■ TASK PROMPT
Could you return, exactly as written, every line from the one containing "D Ashu stay in Srinagar" through the last line of the entries below, leaving out the pictures?

(Items from a dataset)
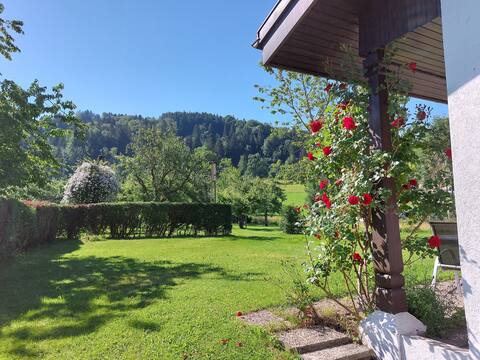 Your break from everyday life - Holiday home Rosa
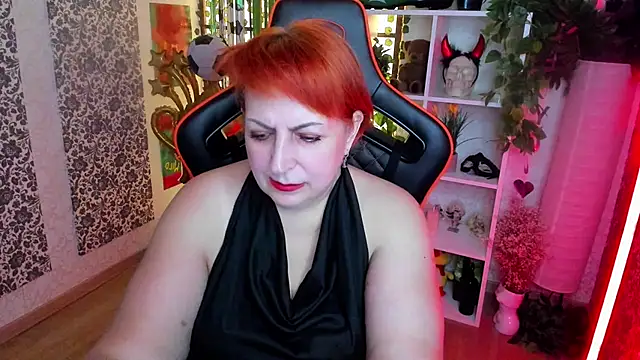 Joana Woods online show from July 9, 8:40 am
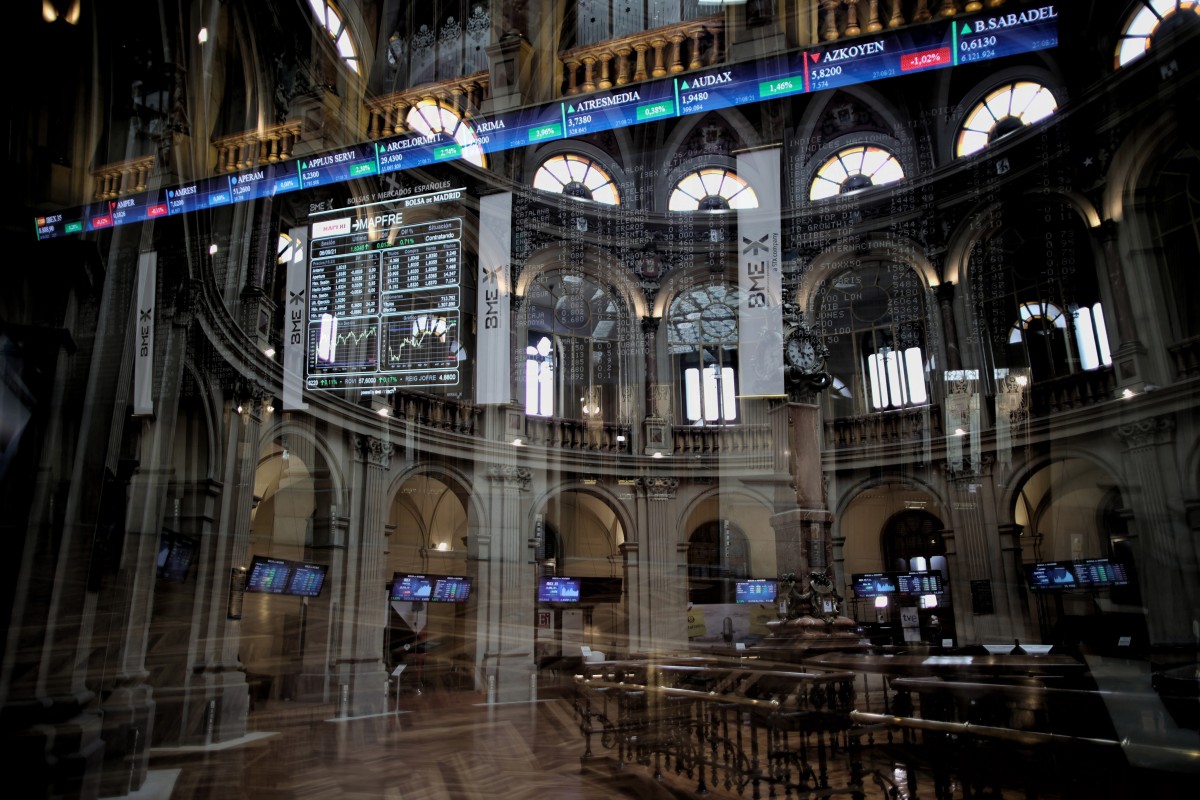 La confianza del inversor español se coloca en terreno negativo por primera vez desde 2022, según JP Morgan Archivo - Valores del Ibex 35 en el Palacio de la Bolsa de Madrid, a 6 de septiembre de 2021, en Madrid (España).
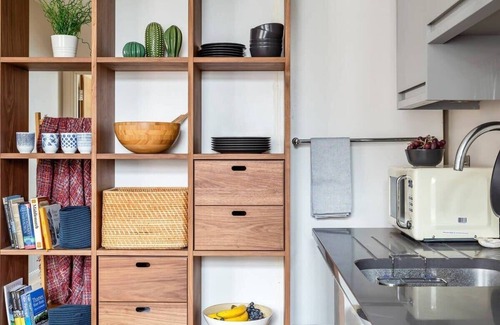 South Richmond Apartment | Elegant Studio Retreat in the Heart of Richmond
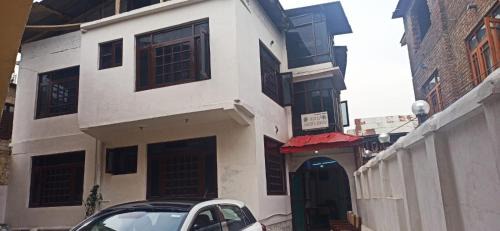 D Ashu stay in Srinagar
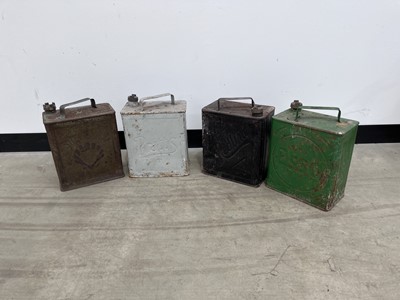 Lot Various vintage oil cans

■ OUTPUT
 D Ashu stay in Srinagar
 Lot Various vintage oil cans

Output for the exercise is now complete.